Kitchen United’s Closure of Kroger Locations Casts Doubt on in-Grocery Restaurants

Kroger

Kitchen United has shut down its in-Kroger omnichannel food halls, begging questions about the future of new in-grocery-store restaurants.

The food service company, which specializes in ghost kitchens and provided Kroger with in-store multi-brand food halls available both for on-site purchasing and digital ordering, has closed all its locations with the grocer, according to Restaurant Business. The decision comes as part of Kitchen United’s shift to focus on technology, rather than on operating restaurants.

“We appreciate [Kroger’s] partnership and support over the years,” Kitchen United told Winsight Grocery Business. “We are currently looking to pivot back into a software business.”

The move follows Kroger’s participation in Kitchen United’s $100 million funding round in July 2022 and comes more than two years after the two companies first kicked off their partnership on in-store food service options.

“Unfortunately, Kitchen United will no longer operate in our stores,” a Kroger spokesperson wrote to Grocery Dive. “We apologize for any inconvenience this may create and encourage customers to explore delicious ready-to-eat items in our deli departments.”

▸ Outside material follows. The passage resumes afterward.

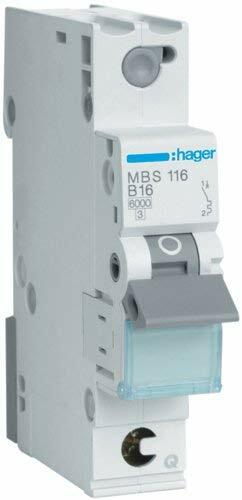 Hager mbs116 schalter ls16a - hager,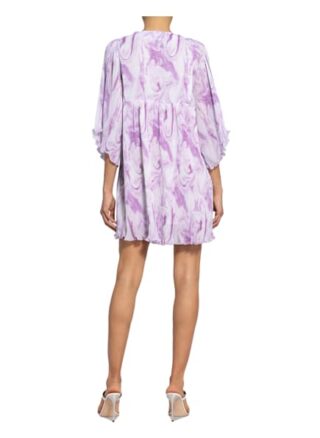 Ganni Kleid mit 3/4-Arm, Lila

The closures are surprising, given that in-grocery store restaurants were seemingly positioned for growth in recent years. More supermarket concepts are opening with in-store food service options including fast-casual concepts, sushi bars and bars and cafés.

Many consumers are buying meals at grocery stores, with Kroger having become the leading sushi seller in the United States.

In an interview with PYMNTS posted in March, Atul Sood, then chief business officer at Kitchen United (now CEO), contended that there has been growing consumer demand for more hot food options at the supermarket.

“What we had as an initial hypothesis was that when consumers do shopping for the week, they don’t necessarily want to cook that night,” Sood said at the time. “That seems to be really clicking with consumers. As soon as they get educated about the option of ordering from restaurants in a grocery store, repeat orders tend to be very high and consumer retention tends to be very strong.”

It would appear that Walmart, the world’s leading grocer, continues to partner with Ghost Kitchens on in-store food service options, another collaboration that kicked off in 2021. The virtual restaurant company’s website still shows Walmart locations available for ordering.

Perhaps the omnichannel food hall model has not proven to be the most cost-effective way to capture this demand. Yet consumers continue to want quick, easy meal options at the grocery store.

According to the PYMNTS Intelligence study “Connected Dining: Ready-to-Eat Meals Are Eating Restaurants’ Lunch,” 57% of consumers now purchase ready-to-eat meals at least once a month, and 28% do so once a week or more. Plus, 65% of those who purchased ready-to-eat meals in the last month bought them from a grocery store.

As such, it seems that, while in-grocery store food halls may not be the answer, supermarkets continue to have the opportunity to seize on consumer demand for premade meals.